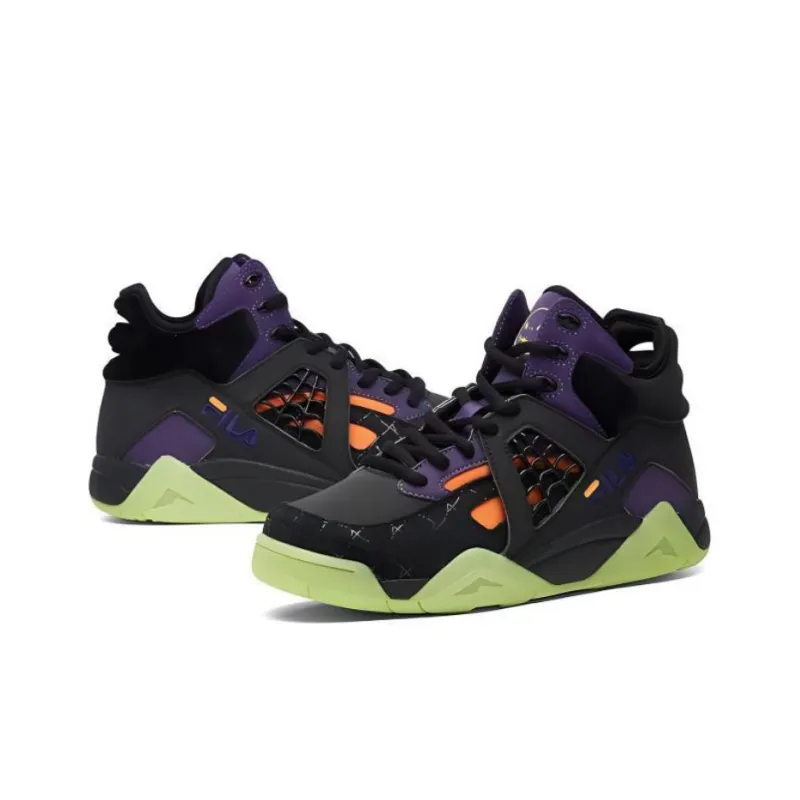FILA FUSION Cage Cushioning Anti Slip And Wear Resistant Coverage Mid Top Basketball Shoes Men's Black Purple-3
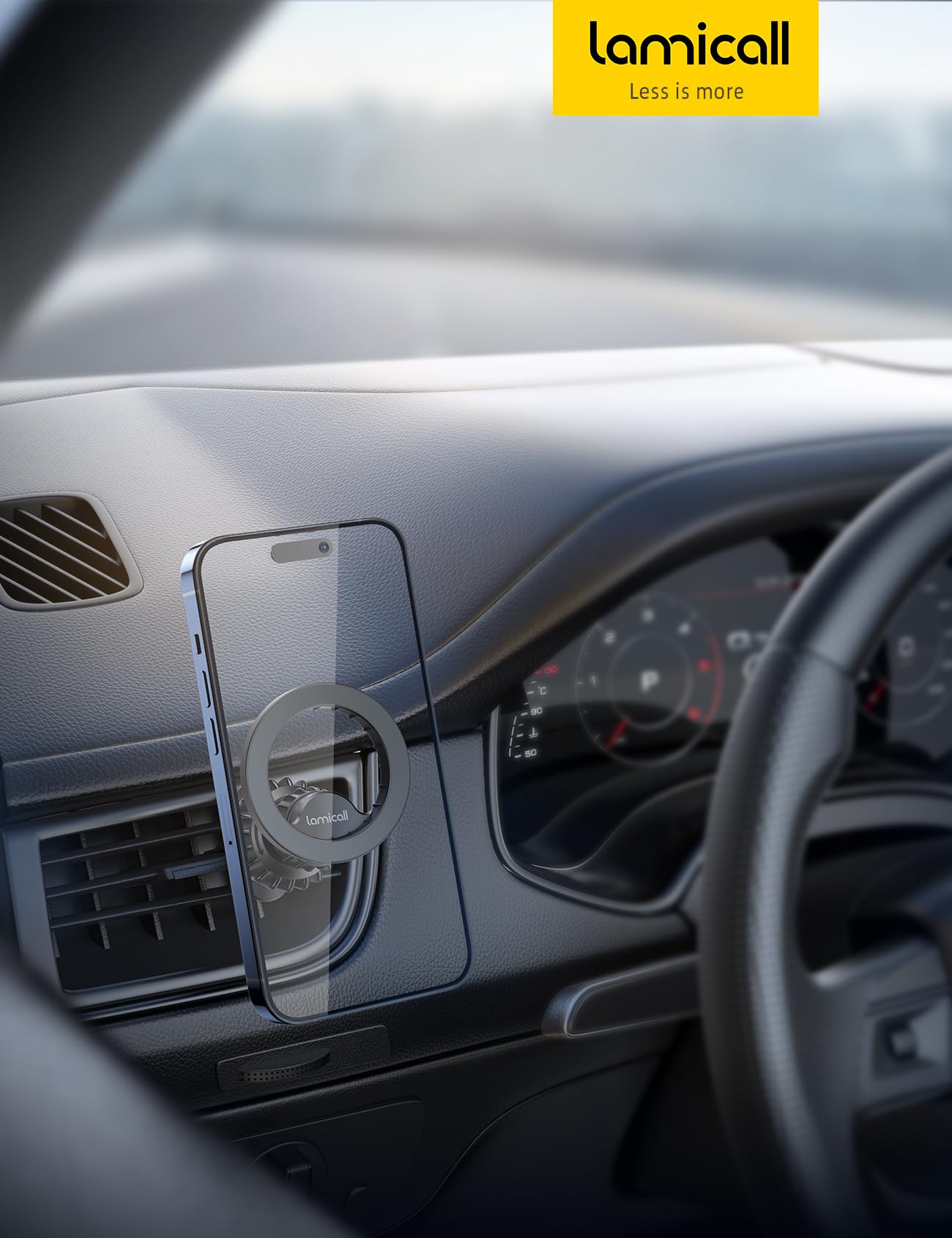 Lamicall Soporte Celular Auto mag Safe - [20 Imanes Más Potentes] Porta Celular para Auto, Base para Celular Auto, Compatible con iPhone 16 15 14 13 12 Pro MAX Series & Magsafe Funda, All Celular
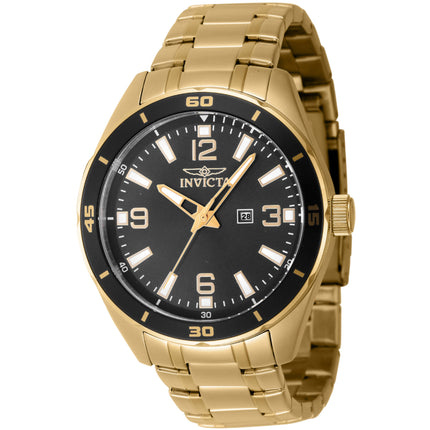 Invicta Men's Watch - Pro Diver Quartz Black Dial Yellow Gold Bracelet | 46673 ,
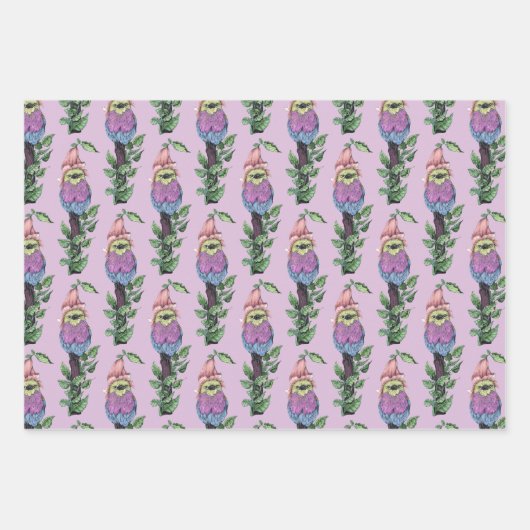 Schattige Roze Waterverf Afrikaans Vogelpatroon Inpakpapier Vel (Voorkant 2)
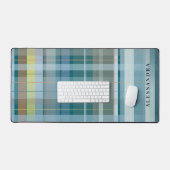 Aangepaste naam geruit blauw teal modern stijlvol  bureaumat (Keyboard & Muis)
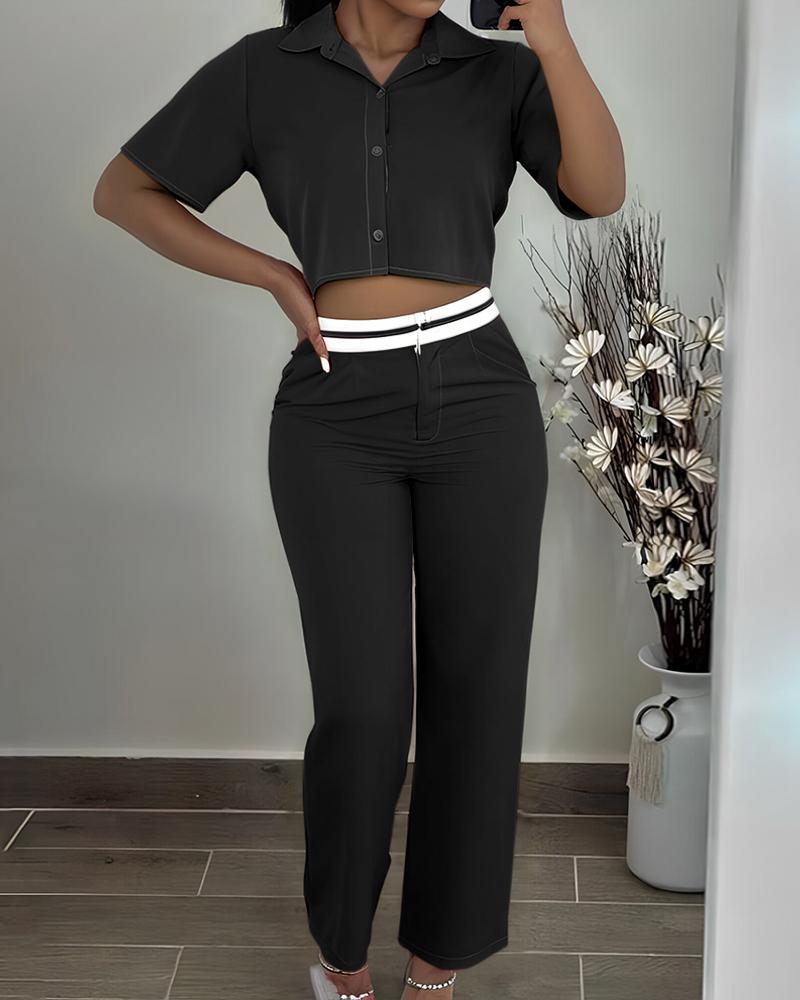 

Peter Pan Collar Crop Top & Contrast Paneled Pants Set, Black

**Exercise aim**
Set down exactly and only the lines from the line that contains "Lamicall Soporte Celular" through the last line of the entries above, with both of those lines included and the pictures left out.

**Solution to this problem**
 Lamicall Soporte Celular Auto mag Safe - [20 Imanes Más Potentes] Porta Celular para Auto, Base para Celular Auto, Compatible con iPhone 16 15 14 13 12 Pro MAX Series & Magsafe Funda, All Celular
 Invicta Men's Watch - Pro Diver Quartz Black Dial Yellow Gold Bracelet | 46673 ,
 Schattige Roze Waterverf Afrikaans Vogelpatroon Inpakpapier Vel (Voorkant 2)
 Aangepaste naam geruit blauw teal modern stijlvol  bureaumat (Keyboard & Muis)

Peter Pan Collar Crop Top & Contrast Paneled Pants Set, Black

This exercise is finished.